→ Task details: Copy out each record that follows exactly, and omit any picture you find.
======
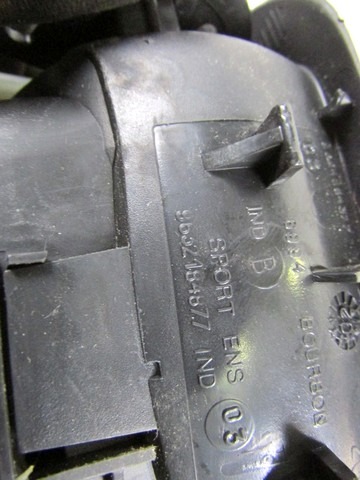 ODVOD ZRAKA OEM N. 9632184877 ORIGINAL REZERVNI DEL PEUGEOT 206 / 206 CC 2A/C 2D 2E/K (1998 - 2003) BENZINA LETNIK 2002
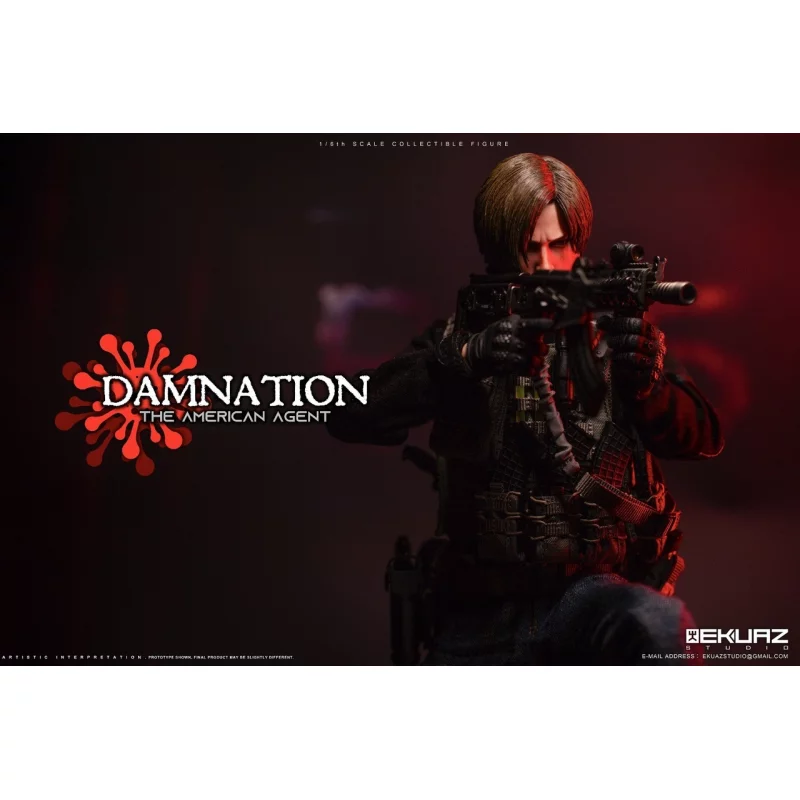 Damnation The American Agent Collectible Action Figurine 1/6 Ekuaz Studio EKS09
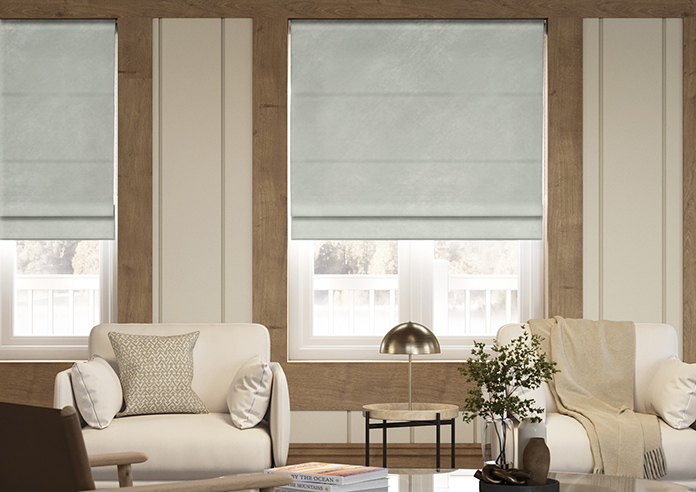 Odessa Velvet, Smoke - Roman Blind - Image 3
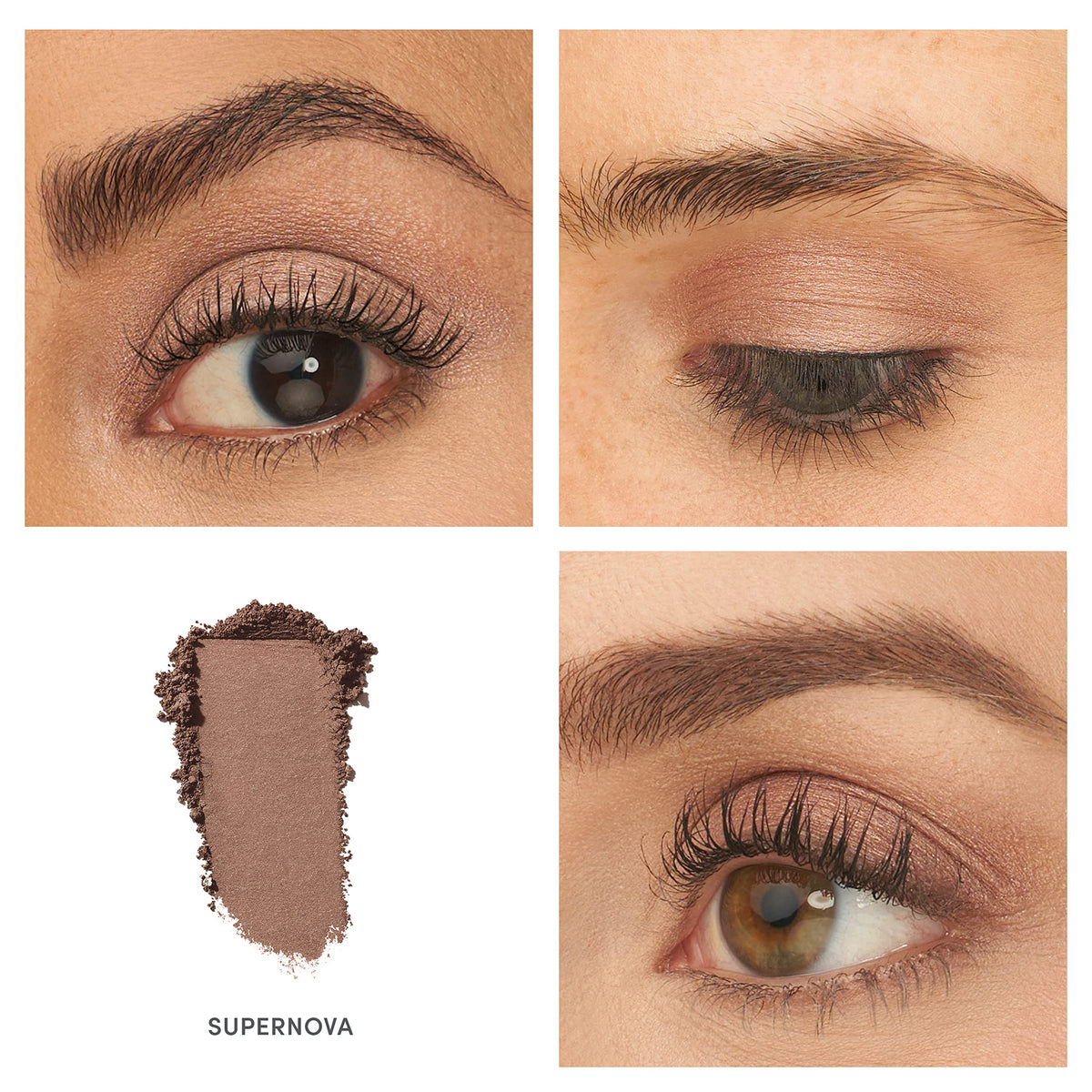 jane iredale swatches on forearm demonstrating pigment payoff and blendability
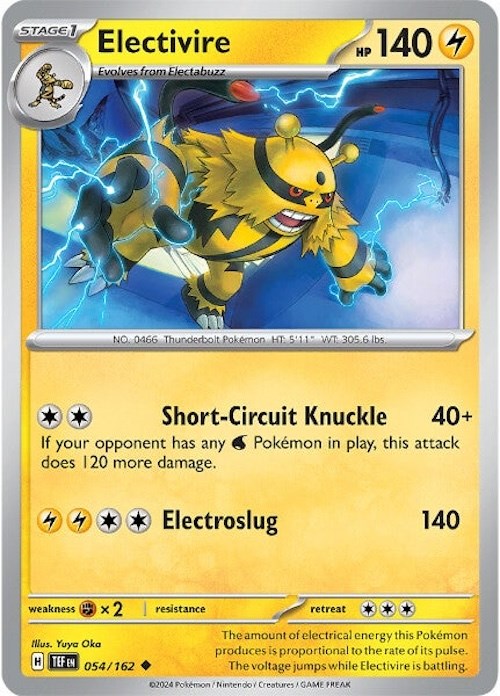 Electivire (054/162) [Scarlet & Violet: Temporal Forces] | Exor Games New Glasgow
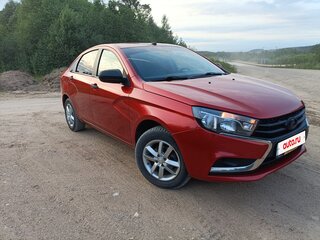 2019 Lada (ВАЗ) Vesta I, красный, 750000 рублей, вид 3
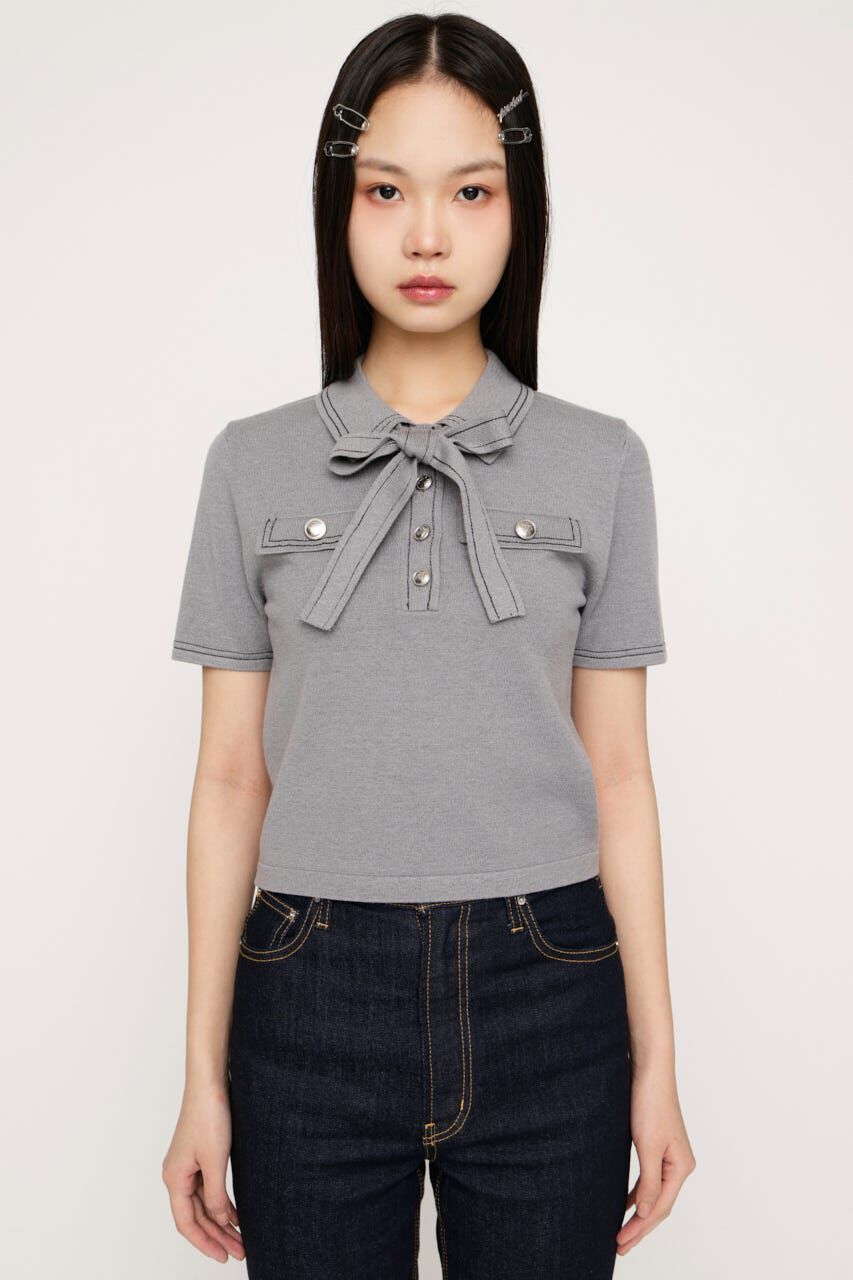 SLY「STICH COMPACT KNIT トップス」|ニット・セーター|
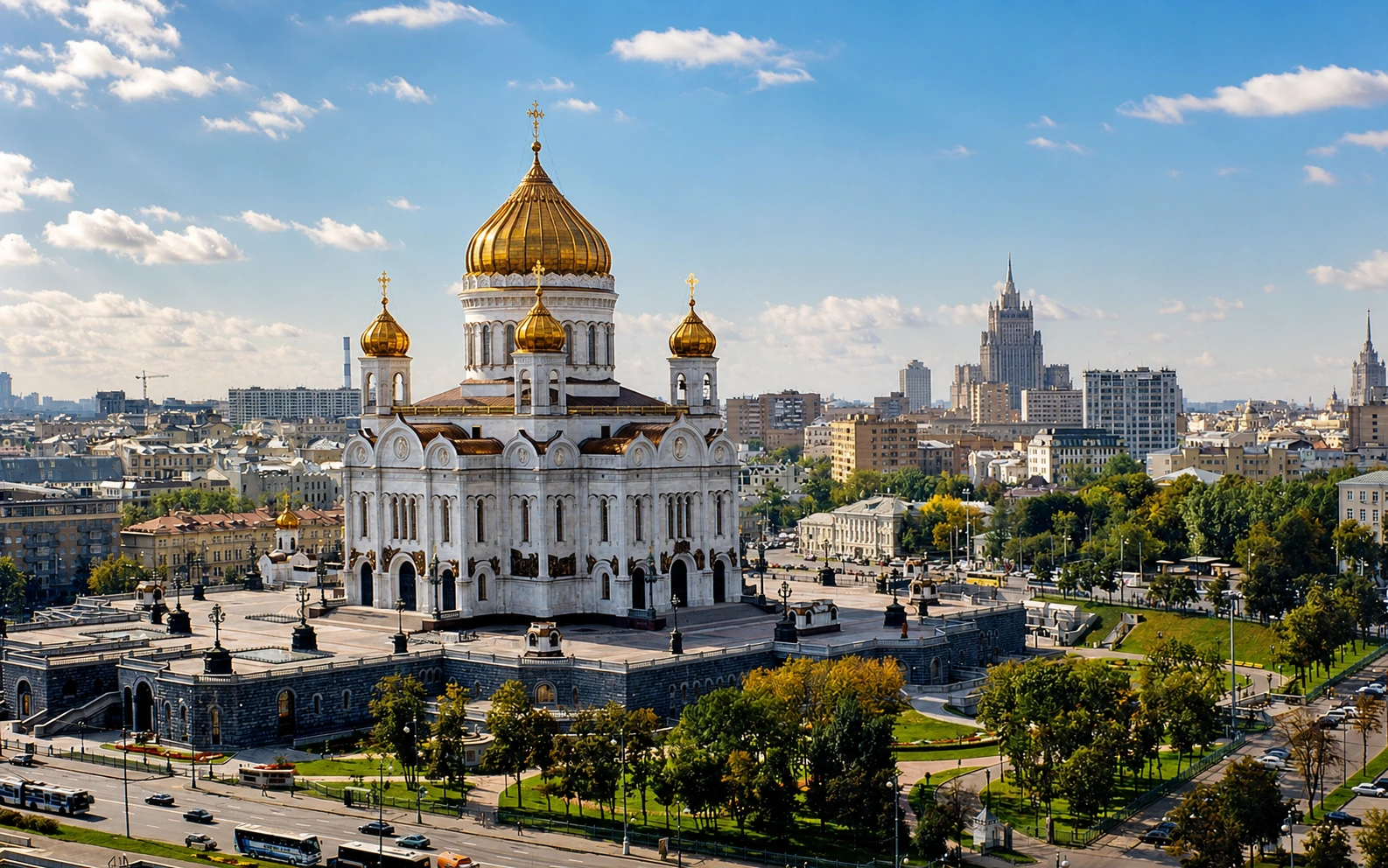 Cathédrale du Christ-Sauveur à Moscou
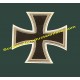 Metal Cap Badge "WW1 Iron Cross 1st Class"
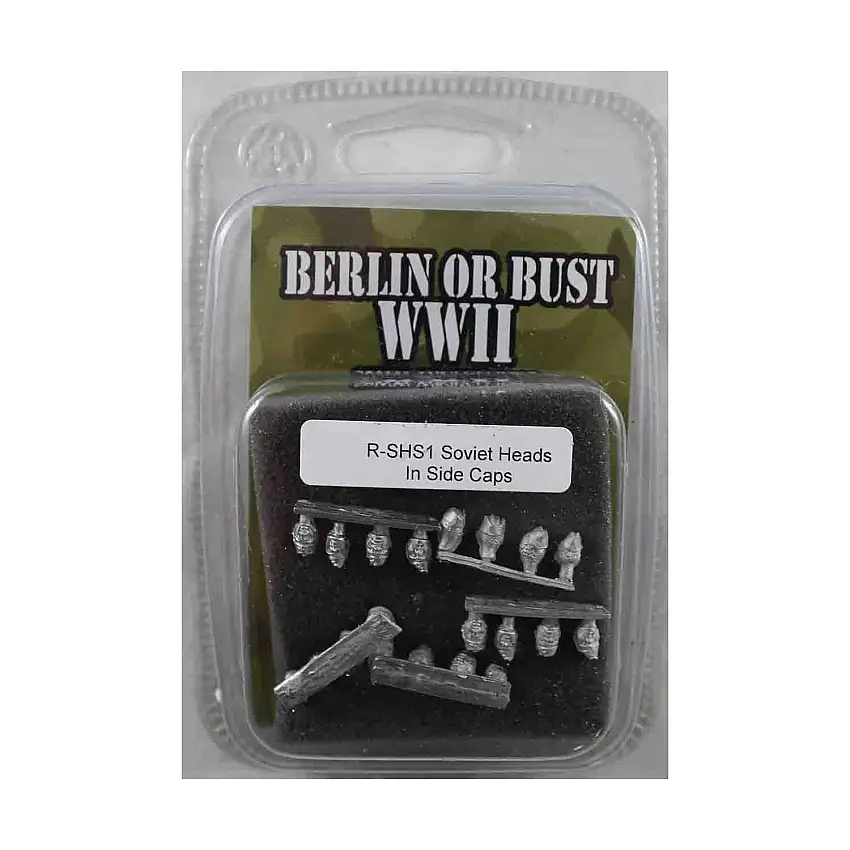 Soviet Heads in Side Caps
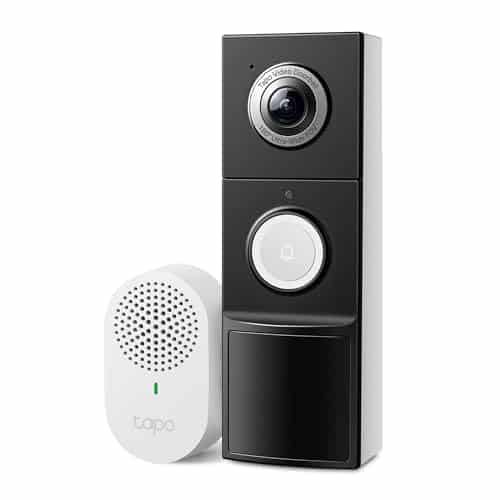 Tapo 2K+ Smart Video Doorbell - Wired or Battery Powered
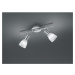 Sconto Bodové LED svietidlo VISTO matný nikel/alabastrové sklo, šírka 34 cm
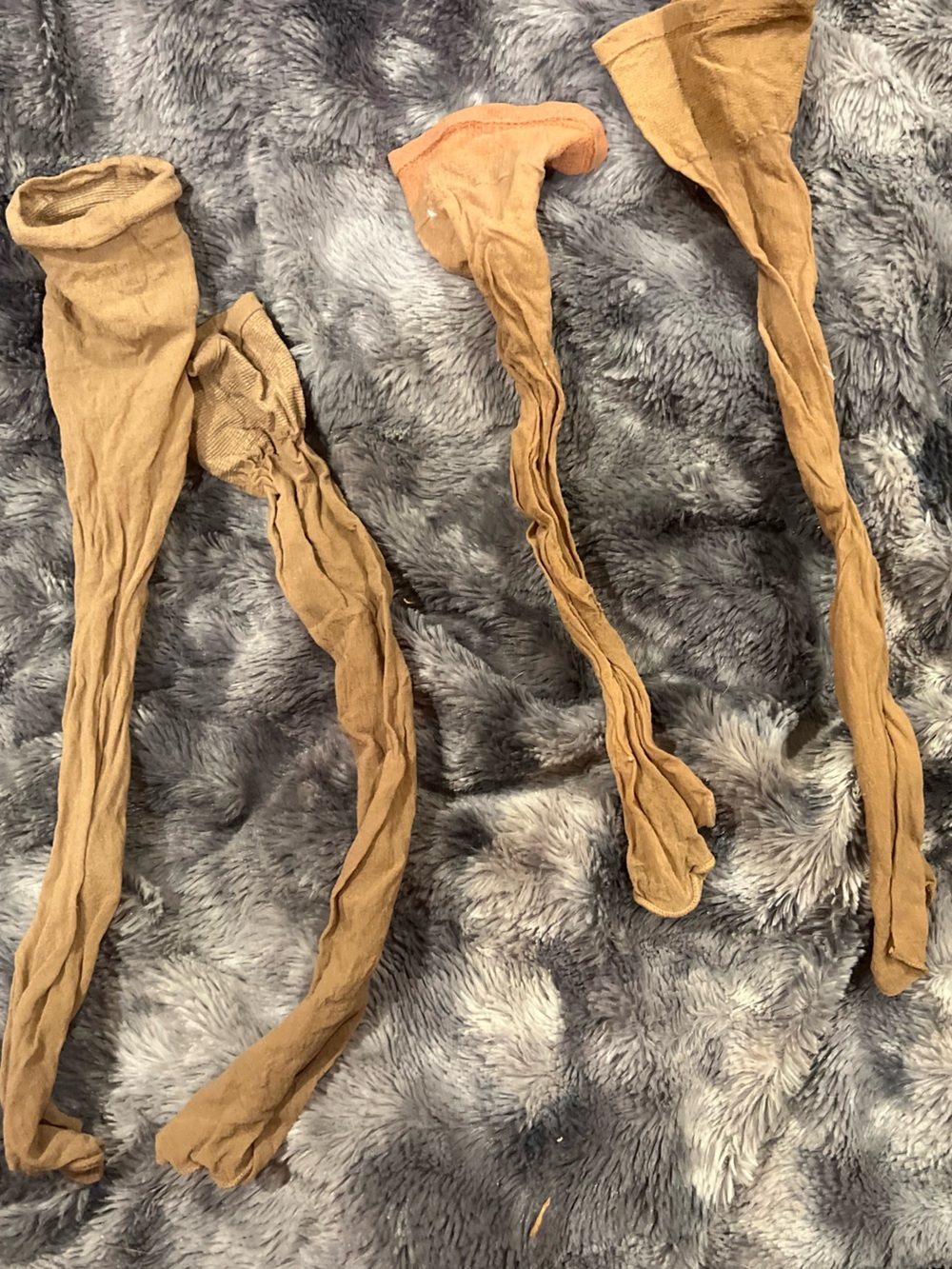 Women’s Sheer Crew Dress Socks in Tan - Lightweight Comfort
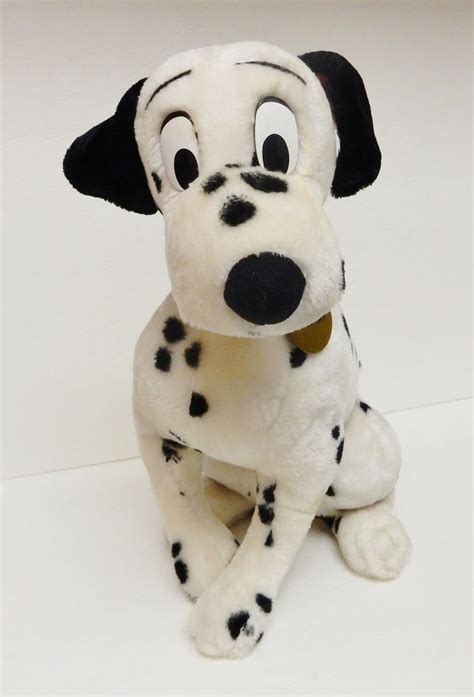 Vintage Disney Park 101 Dalmatians PONGO Dog Plush Stuffed Toy 15" Neck Tush Tag #Disney ...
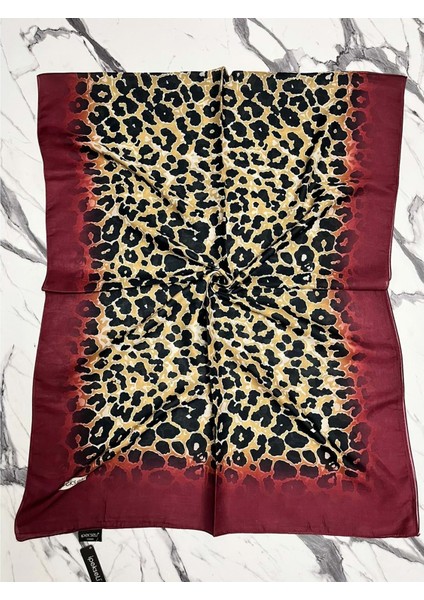 Ipekseli Leopar Desenli Organik Pamuk Şal - 7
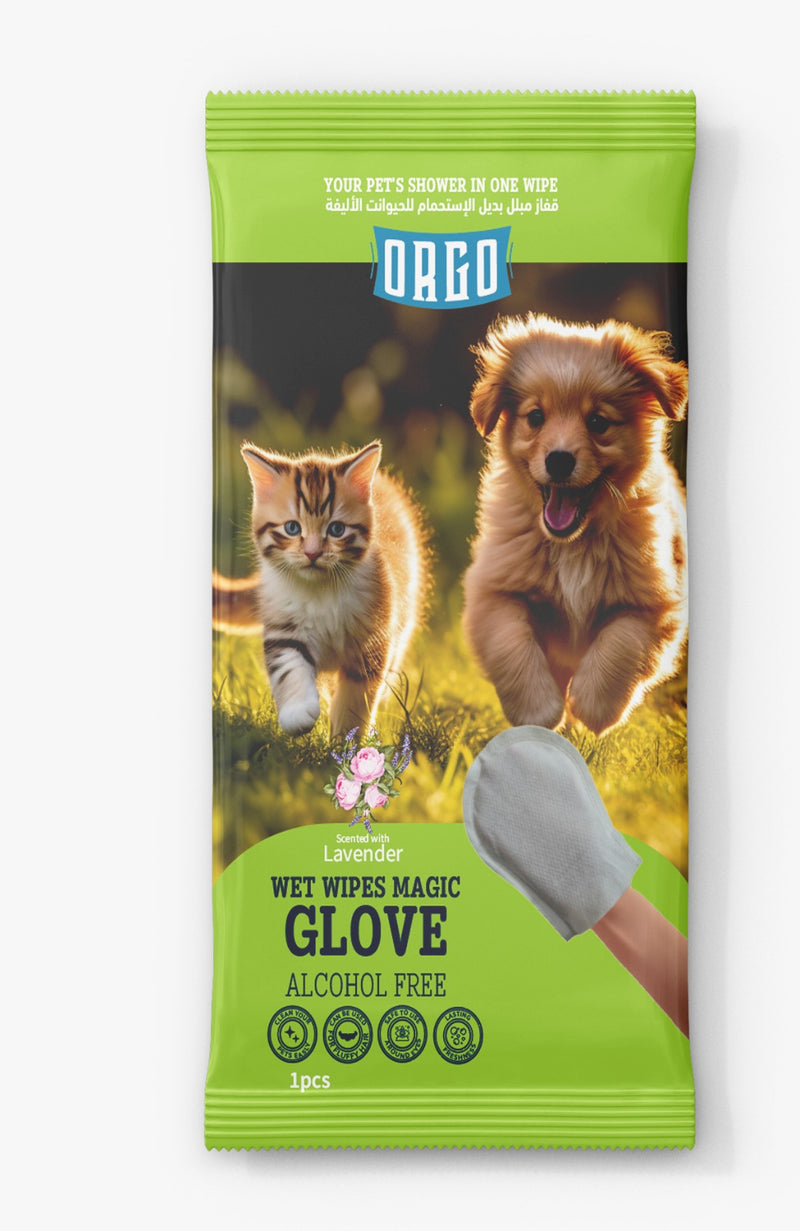 Orgo Wipes Magic Glove - Scent with Lavender - PetYard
======
→ Answer for this exercise:
 ODVOD ZRAKA OEM N. 9632184877 ORIGINAL REZERVNI DEL PEUGEOT 206 / 206 CC 2A/C 2D 2E/K (1998 - 2003) BENZINA LETNIK 2002
 Damnation The American Agent Collectible Action Figurine 1/6 Ekuaz Studio EKS09
 Odessa Velvet, Smoke - Roman Blind - Image 3
 jane iredale swatches on forearm demonstrating pigment payoff and blendability
 Electivire (054/162) [Scarlet & Violet: Temporal Forces] | Exor Games New Glasgow
 2019 Lada (ВАЗ) Vesta I, красный, 750000 рублей, вид 3
 SLY「STICH COMPACT KNIT トップス」|ニット・セーター|
 Cathédrale du Christ-Sauveur à Moscou
 Metal Cap Badge "WW1 Iron Cross 1st Class"
 Soviet Heads in Side Caps
 Tapo 2K+ Smart Video Doorbell - Wired or Battery Powered
 Sconto Bodové LED svietidlo VISTO matný nikel/alabastrové sklo, šírka 34 cm
 Women’s Sheer Crew Dress Socks in Tan - Lightweight Comfort
 Vintage Disney Park 101 Dalmatians PONGO Dog Plush Stuffed Toy 15" Neck Tush Tag #Disney ...
 Ipekseli Leopar Desenli Organik Pamuk Şal - 7
 Orgo Wipes Magic Glove - Scent with Lavender - PetYard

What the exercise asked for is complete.